» **To do**
Output the whole listing exactly, except for the pictures in it.

» **Information provided**
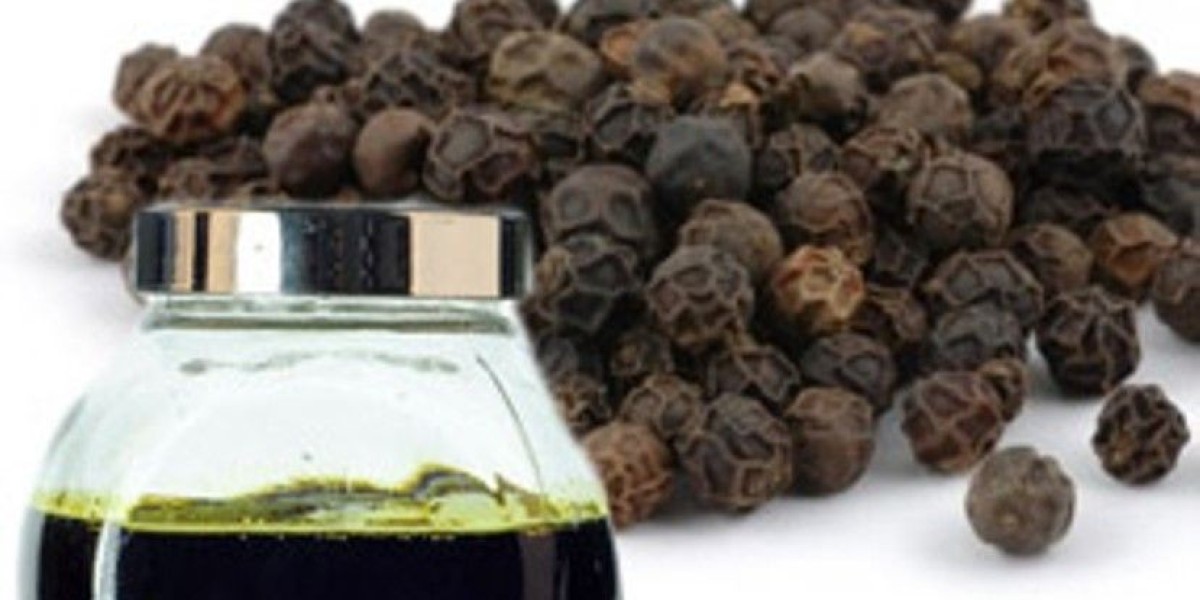 Sales of Black Pepper Oleoresin Market is Set to Increase at Under 9.6% CAGR by 2032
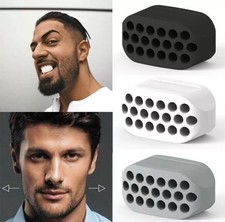 Jawline Exerciser Jaw Face Toner Toning Neck Trainer Facial Muscle Shaper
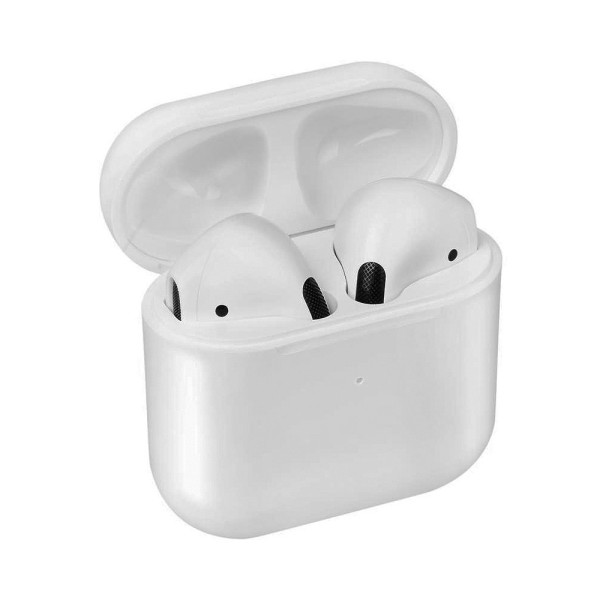 Stereo Bluetooth Headset Gelius Pro Capsule 3 GP-TWS-004 White (12 мес) - фото Stereo Bluetooth Headset Gelius Pro Capsule 3 GP-TWS-004 White (12 мес)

» **Result**
 Sales of Black Pepper Oleoresin Market is Set to Increase at Under 9.6% CAGR by 2032
 Jawline Exerciser Jaw Face Toner Toning Neck Trainer Facial Muscle Shaper
 Stereo Bluetooth Headset Gelius Pro Capsule 3 GP-TWS-004 White (12 мес) - фото Stereo Bluetooth Headset Gelius Pro Capsule 3 GP-TWS-004 White (12 мес)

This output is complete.